I wrote the following after reading this article from a venture capitalist giving advice to people thinking about starting companies.
A lot of advice VCs give entrepreneurs seems to me versions of “make my job easier,” like how to write a great business plan, how to pitch, etc. In this case, I see him asking entrepreneurs to improve the signal-to-noise ratio so he can have an easier time funding companies. Nothing wrong with trying to make your life easier, but he makes the article look like he’s helping the entrepreneur, when he’s writing it to help himself, discouraging some would-be entrepreneurs who might love starting a company even if it didn’t make a VC money. For an entrepreneur who makes their business their life, leading the company may be its own reward, making his advice meaningless, since he’ll call it a success only if it generates a return on investment.
At the very least, I’d appreciate the article more if he specified “Think twice before starting a company that might seek venture capital funding.” Most entrepreneurs I know never approach VCs. Did he forget few companies involve technology at all? His advice doesn’t apply to them. Well, except that thinking twice is obviously good advice to anyone, but his reasons for it.
Entrepreneurship is far greater than starting tech companies looking for VC. I’d be wary of an investor who didn’t realize he put himself in such a bubble. With all that name-dropping, you can see how social bubbles can contribute to investment bubbles.
If you love starting companies and you have an idea whose time is now, you’ll find a way to start your company. If you don’t need venture capital, hopefully you won’t hear his advice in the first place, or will realize it doesn’t apply to you. Even if you do want VC, if your firm eventually dies but you loved doing it and it helps you do better on your next one, it seems to me you’ve succeeded.

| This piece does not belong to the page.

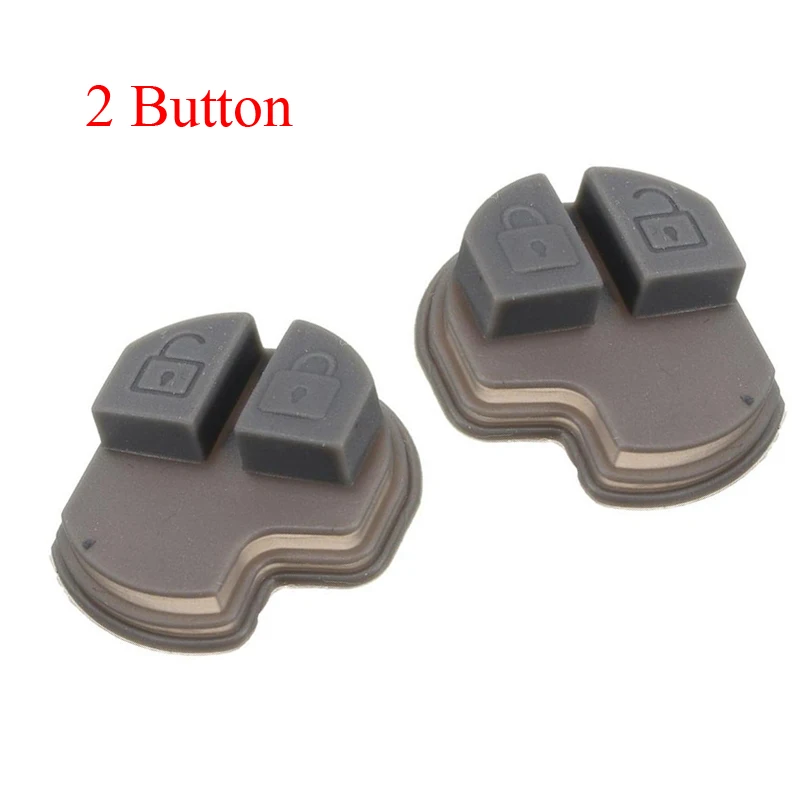 2 кнопки Автомобильный Брелок дистанционного управления с ключом резиновая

I read other posts at that venture capitalist’s site. The next most recent one he wrote did the same thing — giving “advice” to make his job easier. One by another guy at the same firm did the same thing too.
Strangely, both use the phrase “a lot of ink has been spilled over…” They also keep reusing their teammates description of what they are looking for, from a post which ends with the biggest “advice” to make his job easier (also spelling “prove” “proove” in one of the main points): “So to all you who are entrepreneurial equivalent of Tom Brady… the #199 draft pick, not the famous one of today… please give me a call when you start your first company.” Please make my job easier!
There is so much more to starting companies than getting venture capital. I used to live in that bubble, having started my first business in the late 90s, thinking the VC route was the only way to start a company.
I’ve since realized how much more variety there is in starting companies. I wrote recently about how much entrepreneurship I saw on the streets of Vietnam, where the number of businesses per mile on the streets far surpasses what you see on the streets of New York.
I’ve also since realized how much more joy you can create for yourself in starting companies when you do it for the right reasons for yourself — for me, loving what my company does and the people I work with. If you have to jump through a venture capitalist’s hoops, you have to, and, of course, making their job easier will help you and them. But few companies need their funding, and finding ones that make your job easier may help you more, if you start one of them.
As for venture capitalists, by all means, I don’t see any problem with advising entrepreneurs how to make your job easier, especially if it helps make their lives better too, but I wouldn’t imply you’re just helping them. I’d write a post, “How to make my job easier (to help you)” or something like that. But then keep in mind, you’re probably helping them make every investor’s job easier, which lowers your value.
You’ll probably help yourself most by figuring out how to make their jobs easier. How can you help them?